The development of infrastructure that leads to increased human activity or nocturnal light levels near waterways has the potential to adversely affect platypus foraging. For example, although these animals rarely appear to react to the presence of a person or two sitting quietly on the banks, the arrival of numerous chattering humans can cause a foraging platypus to move away to a less threatening site. Research has also shown that platypus mortality risk can rise sharply following the construction of a walking track that facilitates predator access to shallow creek margins. Similarly, locating bright artificial lights near a creek or river can make it easier for predators to detect and kill platypus and also reduce the platypus’s food supply by inappropriately attracting aquatic insects away from the water as these emerge at dusk to breed.

What can be done to protect the platypus?

  • Walking tracks should normally be located a substantial distance (a least 20 metres and ideally even more) from the edge of natural water bodies where platypus are likely to occur. To reduce predator pressure and discourage the development of ad hoc human paths down to the water, bridges or viewing points that approach the water more closely should be located at sites where the banks are relatively steep and water is reliably deep.
  • It is essential that unmown low-growing vegetation and taller shrubs (particularly plants that overhang the water) are encouraged to grow between a walking track and the edge of a nearby stream or river to protect water quality and provide platypus and other wildlife with cover and places to hide from predators (such as foxes and dogs).
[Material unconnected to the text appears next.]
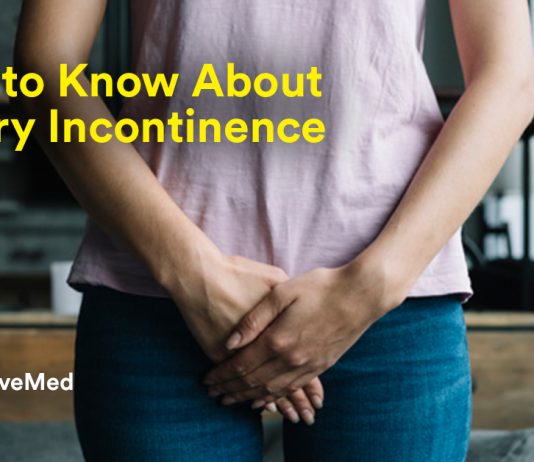 Urinary Incontinence Archives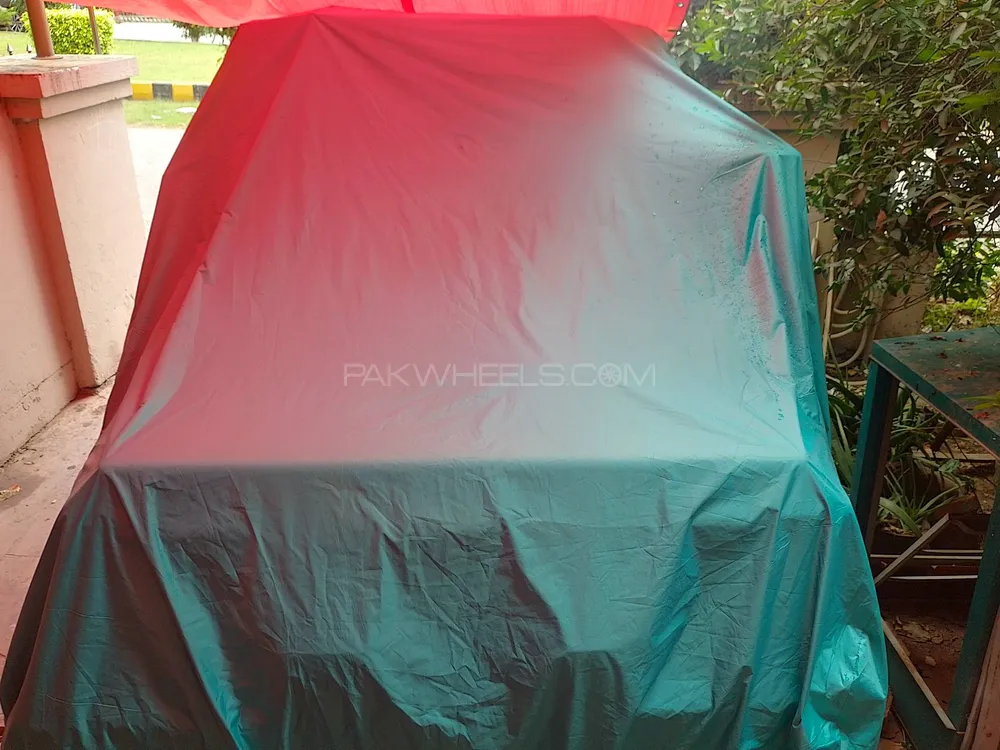 Suzuki Jimny 1998 for Sale in Lahore Image-1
  • Street lights, security lights or the equivalent that are located within 100 metres of a natural water body should be designed to minimise the amount of artificial illumination directed towards the water, and ideally fitted with low-pressure sodium globes producing relatively low amounts of insect-attracting blue and ultraviolet light.
  • Wildlife viewing platforms located next to platypus habitats should be designed to reduce the likelihood that humans using the platform can be seen or heard by animals feeding in the vicinity.